Omit every picture, then return each line of the data below exactly.

::: RECORDS FOR THIS EXERCISE :::

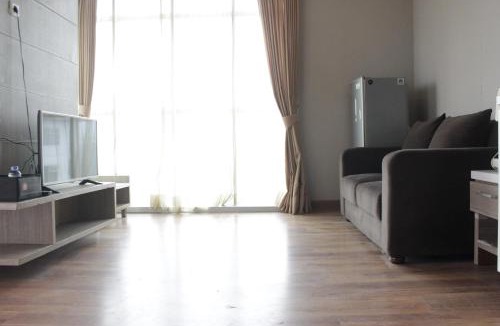 Cileunyi Apartment | Simply 1BR Apartment at Stanford Jatinangor By Travelio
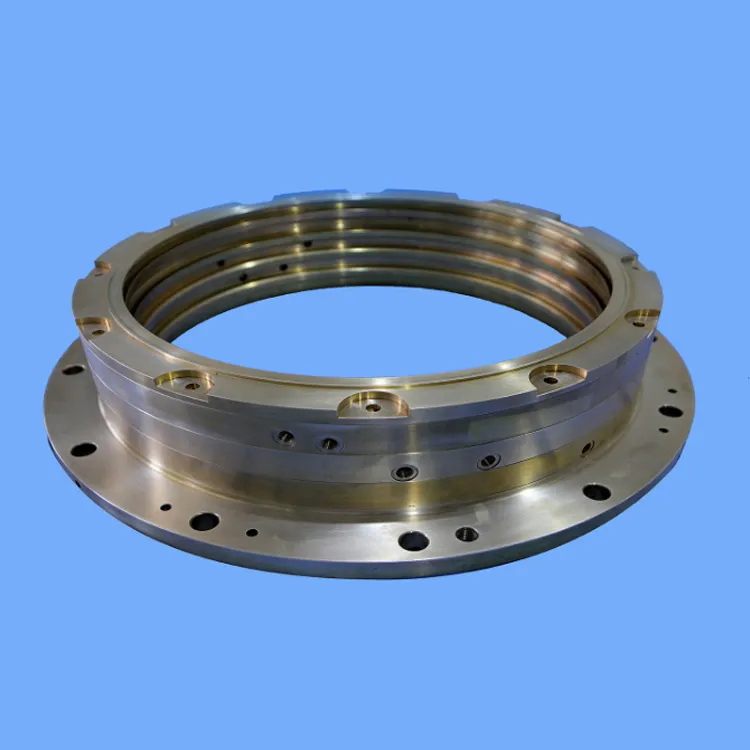 Bronze Centrifugal Castings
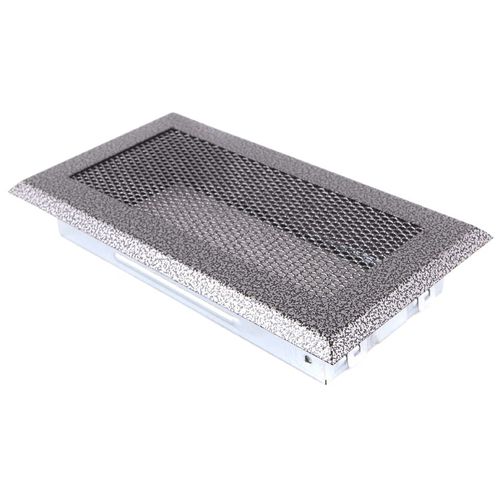 Stahl-Lüftungsgitter - ANTIQUE SILVER - Parkanex Sp. z o.o. - rechteckig / quadratisch / verstellbar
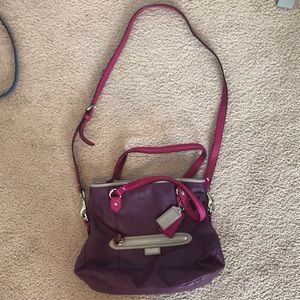 Coach crossbody bag
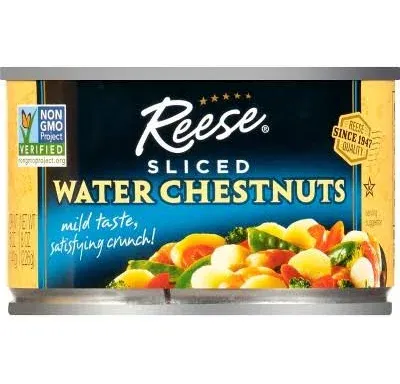 Reese Water Chestnuts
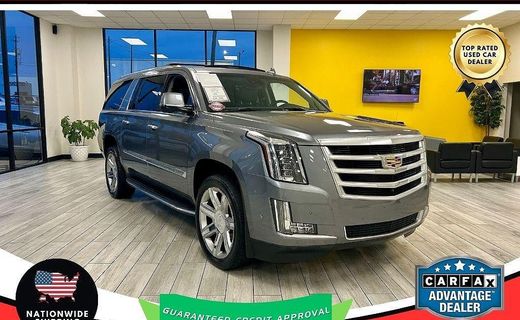 2019 Cadillac Escalade ESV Luxury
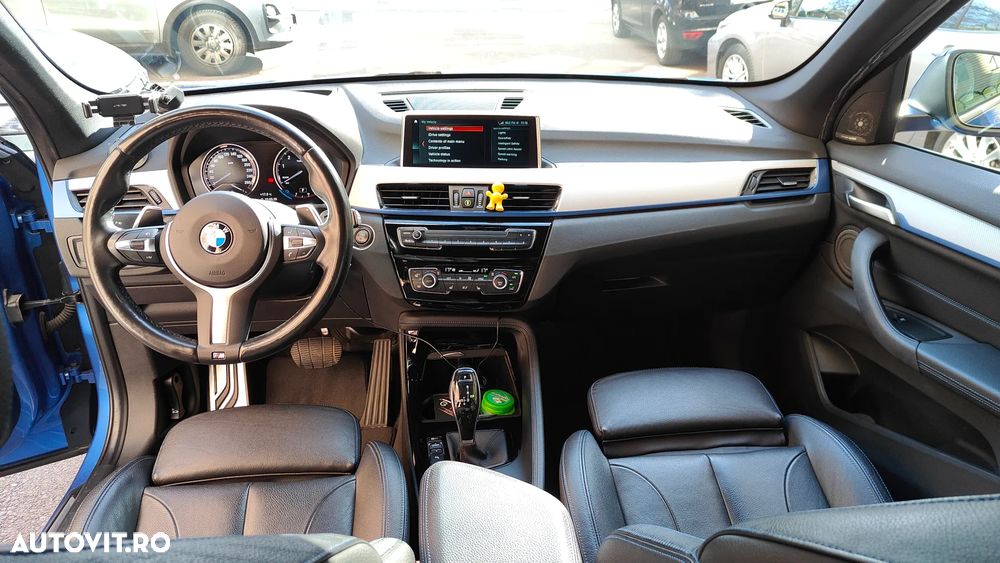 BMW X1 xDrive25i AT M Sport - 18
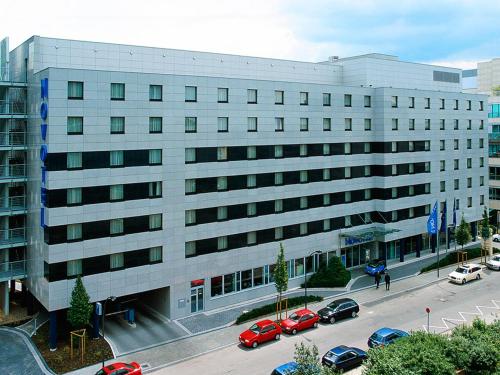 Фотография гостиницы Novotel Düsseldorf City West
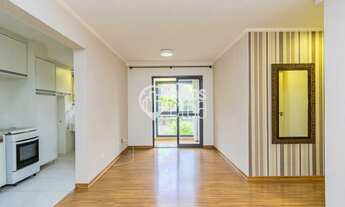 Imagem 2: Apartamento à venda, 02 dormitórios, 01 vaga - Jardim Botânico, Curitiba/PR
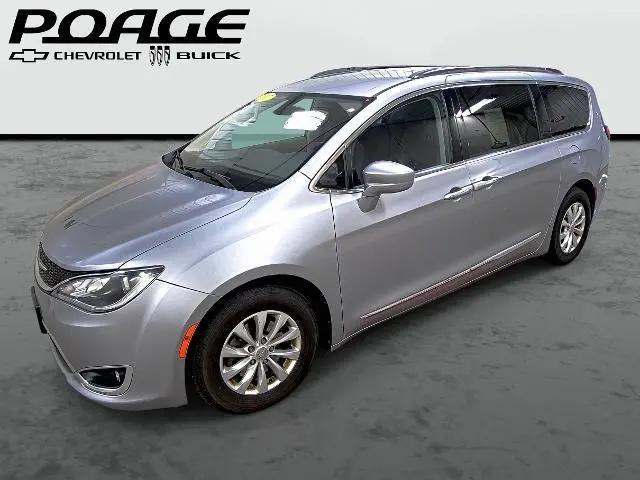2017 Chrysler Pacifica Touring-L for sale in Hannibal, MO
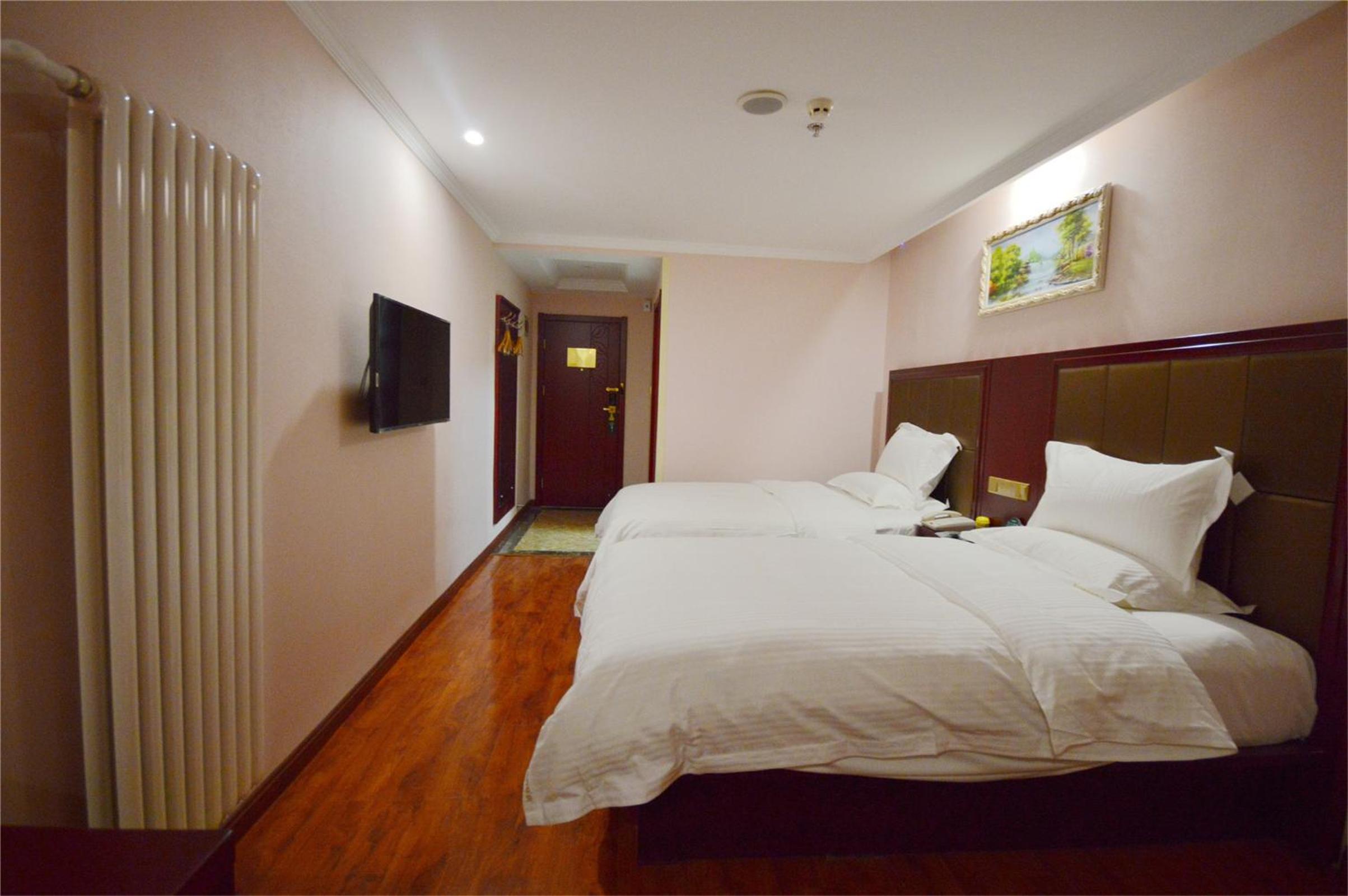 GreenTree Inn Jiangsu Lianyungang Guannan West Renmin Road Express Hotel - Property Image 59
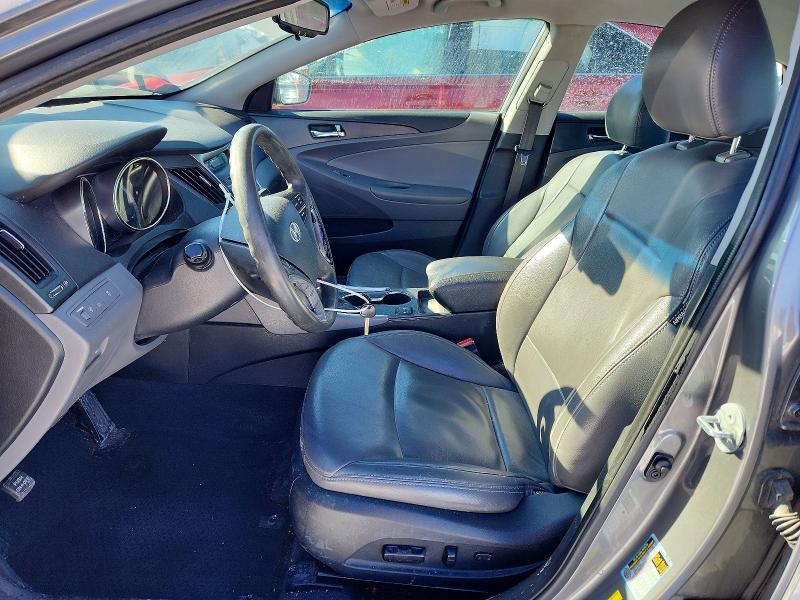 Photo 7 from auction – 2013 HYUNDAI SONATA GLS with VIN 5NPEB4AC8DH700647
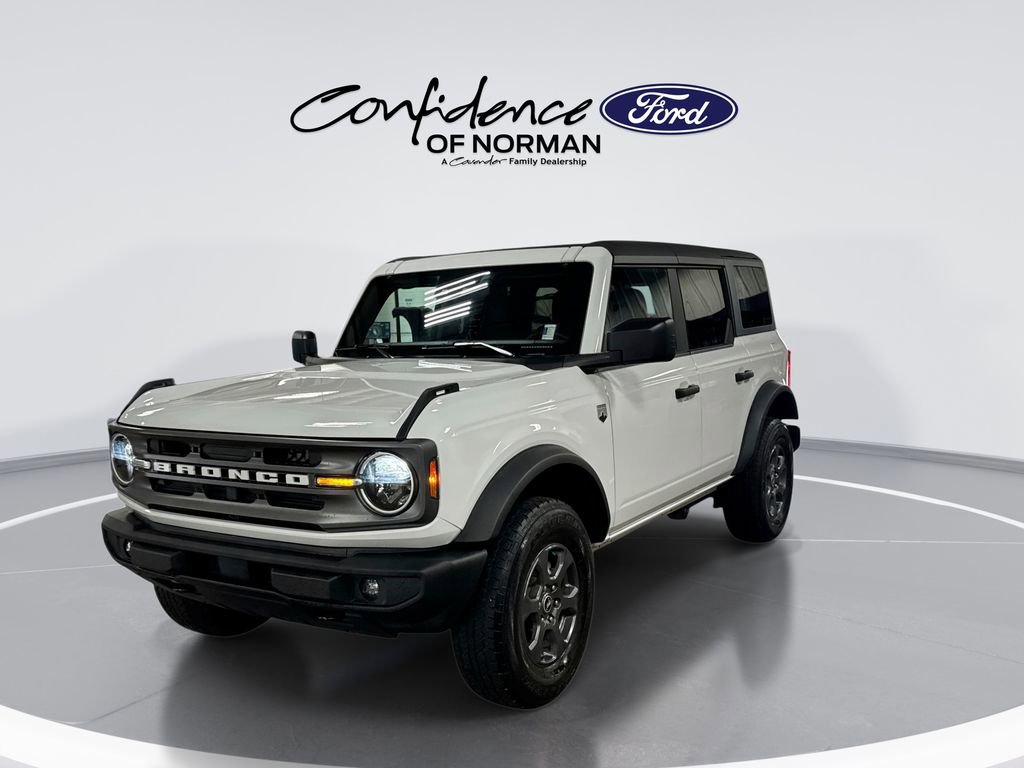 Used 2023 Ford Bronco Big Bend AWD/4WD image 3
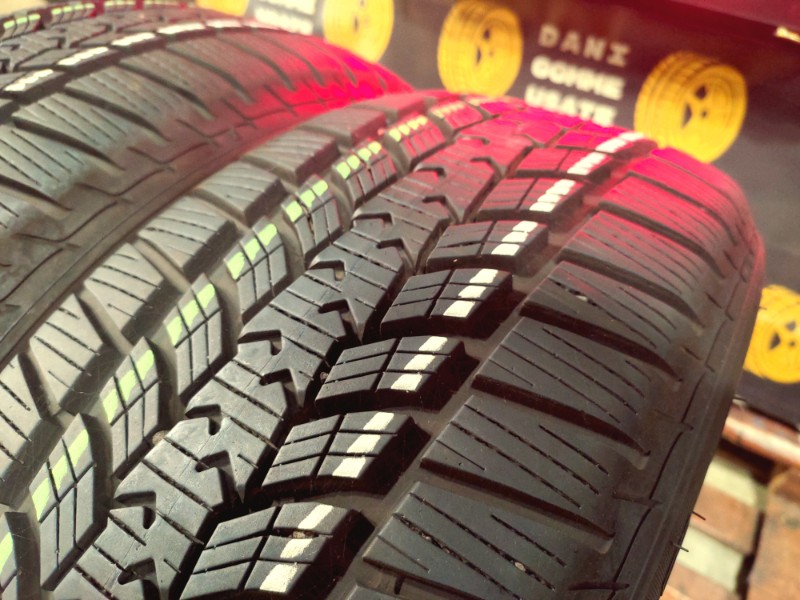 2 Gomme usate 205 55 17 Pneumatici Invernali SAVA 2 Gomme usate 205 55 17 Pneumatici Invernali SAVA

:::

RESULT:
 Cileunyi Apartment | Simply 1BR Apartment at Stanford Jatinangor By Travelio
 Bronze Centrifugal Castings
 Stahl-Lüftungsgitter - ANTIQUE SILVER - Parkanex Sp. z o.o. - rechteckig / quadratisch / verstellbar
 Coach crossbody bag
 Reese Water Chestnuts
 2019 Cadillac Escalade ESV Luxury
 BMW X1 xDrive25i AT M Sport - 18
 Фотография гостиницы Novotel Düsseldorf City West
 Imagem 2: Apartamento à venda, 02 dormitórios, 01 vaga - Jardim Botânico, Curitiba/PR
2017 Chrysler Pacifica Touring-L for sale in Hannibal, MO
 GreenTree Inn Jiangsu Lianyungang Guannan West Renmin Road Express Hotel - Property Image 59
 Photo 7 from auction – 2013 HYUNDAI SONATA GLS with VIN 5NPEB4AC8DH700647
 Used 2023 Ford Bronco Big Bend AWD/4WD image 3
 2 Gomme usate 205 55 17 Pneumatici Invernali SAVA 2 Gomme usate 205 55 17 Pneumatici Invernali SAVA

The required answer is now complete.